When your pupils widen slightly, it is a sign that your brain is paying closer attention or working harder. “The more invested you are in something, typically your pupil becomes a bit larger,” he adds.
Literature, simplified by AI
The researchers found that asking Microsoft Copilot to mimic the style of various writers effectively acted as a dimmer switch on the complexity of the text. The eye movements confirmed that pseudo-Kirkegaard was a tougher read than pseudo-Andersen.
However, “there seems to be a statistically significant difference between the AI-generated version and the human-written text,” Bækgaard says.
Overall, the participants seemed to find the AI-generated texts less cognitively demanding than the originals: their eye movements showed shorter fixation durations and higher fixation rates when reading the AI-generated texts. That is more consistent with a skimming style of reading. “Maybe they spend a little less time comprehending it,” Bækgaard says. Indeed, the AI-generated texts scored lower on a readability scale, meaning that they used shorter sentences and fewer long words than the original authors did.
“But we also found some curiosities that make us think that maybe there is also a different strategy for processing the information” for the AI-generated texts, he adds.

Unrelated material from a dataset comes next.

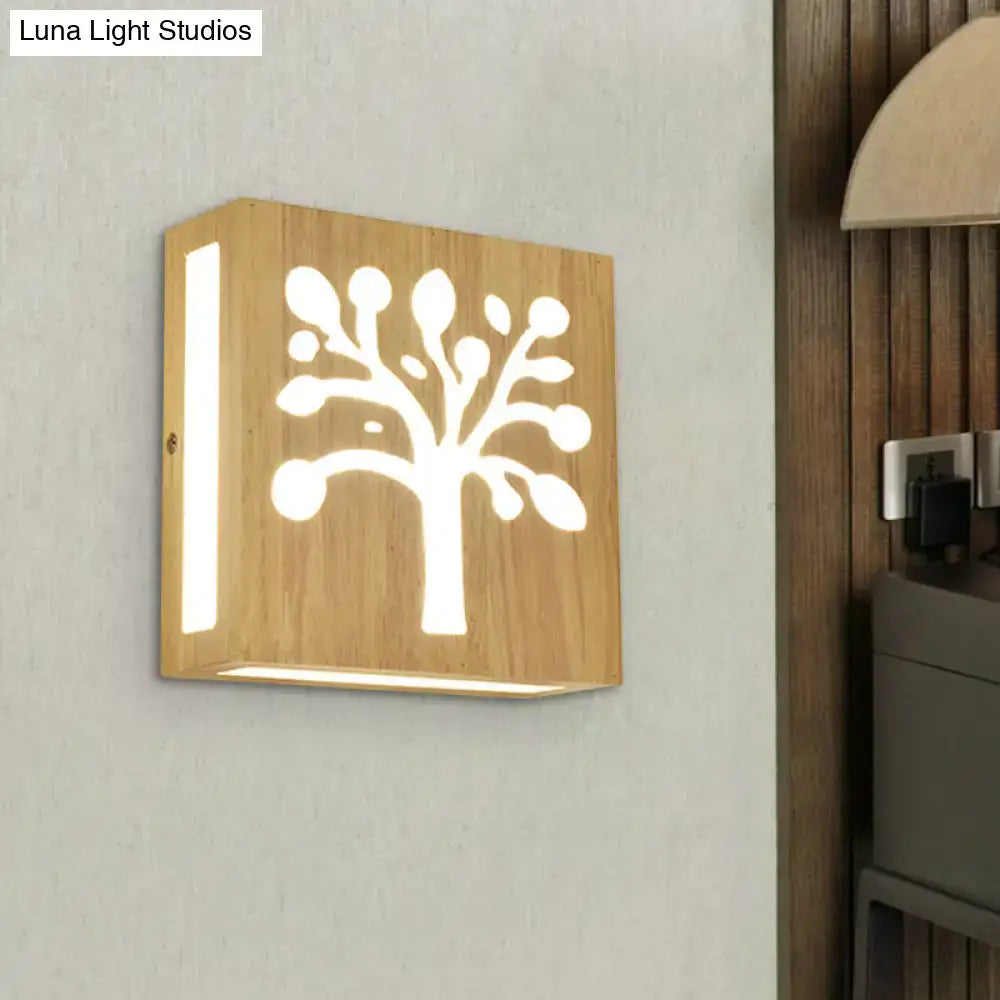 A square wooden wall light with carved tree design made of bamboo, direct wired electric, emitting warm light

The researchers observed small but statistically significant differences in pupil dilation: pupil sizes were larger for the AI-generated Andersen and Blixen texts than for the original texts, which would be consistent with a higher cognitive load.
No assumptions for AI
Generative AI moves so quickly that researchers can barely keep up, Beier says. “We test one version today, and tomorrow it may already be replaced by something new,” she explains. “This means that our findings can be outdated almost instantly, which is exactly why recording what is happening right now is so important.”
“But that does not mean we should not do it,” Beier says.
The team hopes that their findings with Microsoft Copilot will serve as a cautionary tale to other researchers: scientists should not assume that AI-generated text is interchangeable with human writing. Before incorporating AI-generated text into studies such as Reading the Reader, understanding the differences in how people process and interpret AI-generated writing is vital, whether that means reading speed, comprehension or other metrics of engagement.
The researchers say that there is no guarantee that the patterns they identified in eye movements would be the same for text generated by different AI models – or even subsequent versions of Microsoft Copilot.
But the overall pattern may hold because of commonalities in how large language models function. “There may be some generalisable things in terms of how the AI models all come up with the next most likely word – the predictability of the words might be different from a normal text,” Bækgaard explains.
What do these differences mean for the use of generative AI outside of the laboratory, in our daily lives? Depending on the intended use, text with a lower cognitive load could be a selling point or a negative feature, the researchers say.
In situations in which readability and ease of comprehension are the priority – perhaps for public service announcements or assembly instructions – lower cognitive load could be desirable. But when the brief is writing that will capture and hold the reader’s attention – a cover letter for a job application, eye-catching marketing copy or stories that inspire real emotion – the originality of a human writer may still win out.